Task details:
From the entries below, transcribe exactly the lines between the line holding "工头在港口检查集装箱，以监督货物运输和物流。涉及航运、进口和出口行业。图片素材" and the line holding "Travis Kelce arriving", inclusive; skip all other lines.

Extracted information:
↓↓↓

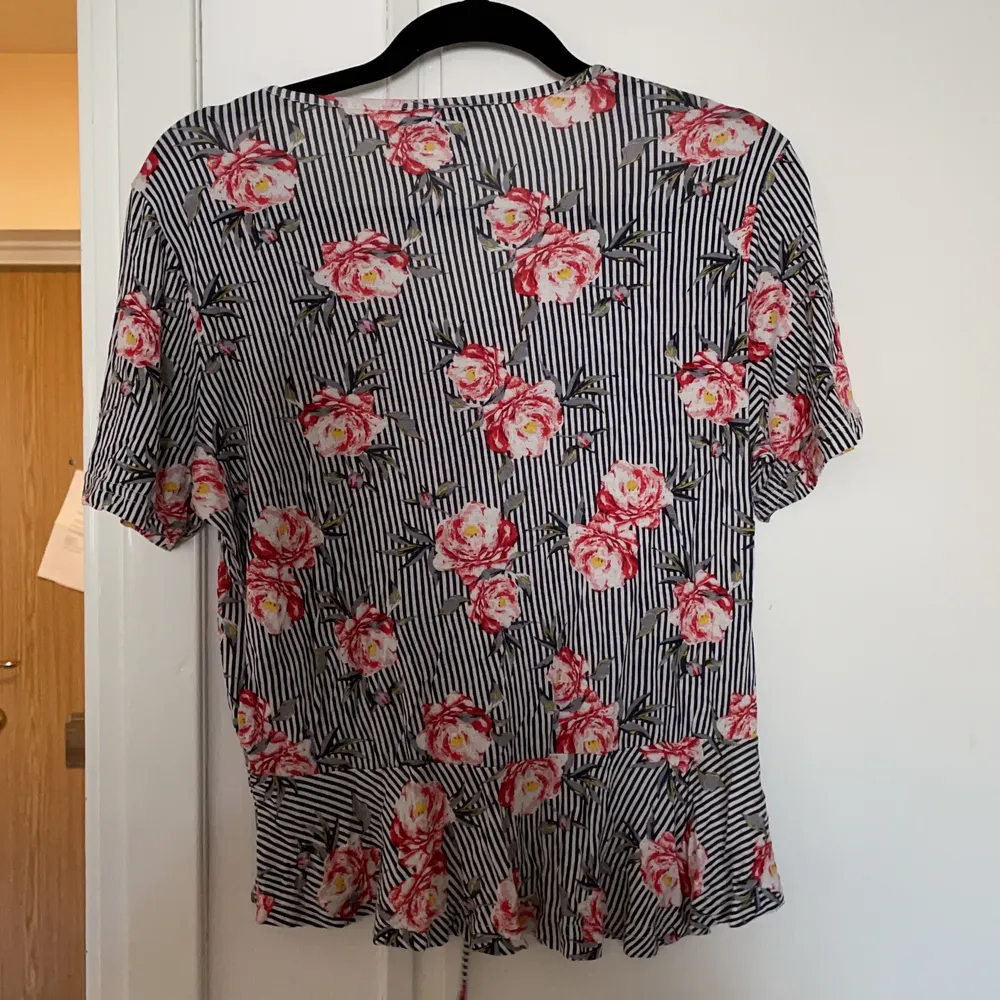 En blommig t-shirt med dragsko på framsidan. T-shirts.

↑↑↑
↓↓↓

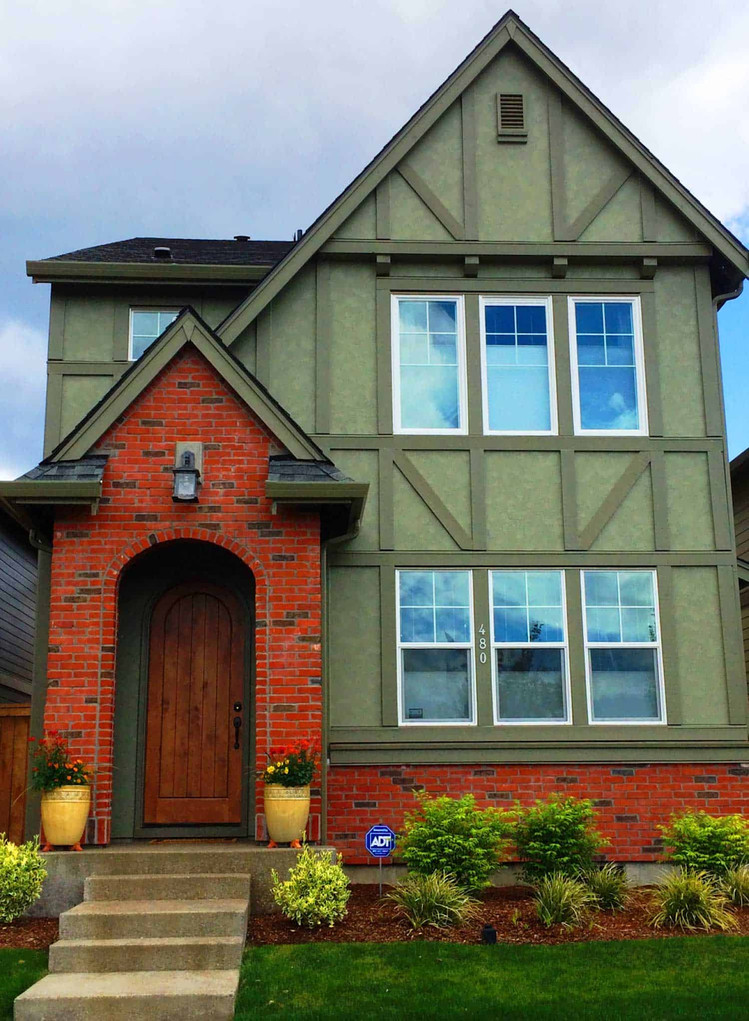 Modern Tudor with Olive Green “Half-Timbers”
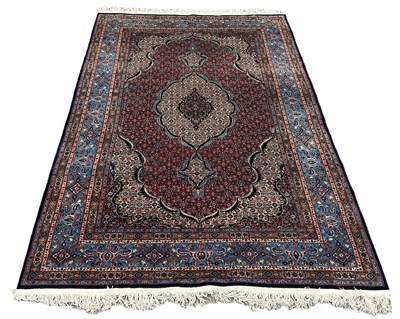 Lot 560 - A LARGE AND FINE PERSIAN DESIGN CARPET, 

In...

↑↑↑
↓↓↓

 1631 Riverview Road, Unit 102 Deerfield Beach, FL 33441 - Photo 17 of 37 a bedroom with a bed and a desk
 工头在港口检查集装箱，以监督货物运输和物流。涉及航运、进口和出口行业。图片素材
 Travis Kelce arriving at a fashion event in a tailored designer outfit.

↑↑↑

Solution to the exercise:
 工头在港口检查集装箱，以监督货物运输和物流。涉及航运、进口和出口行业。图片素材
 Travis Kelce arriving at a fashion event in a tailored designer outfit.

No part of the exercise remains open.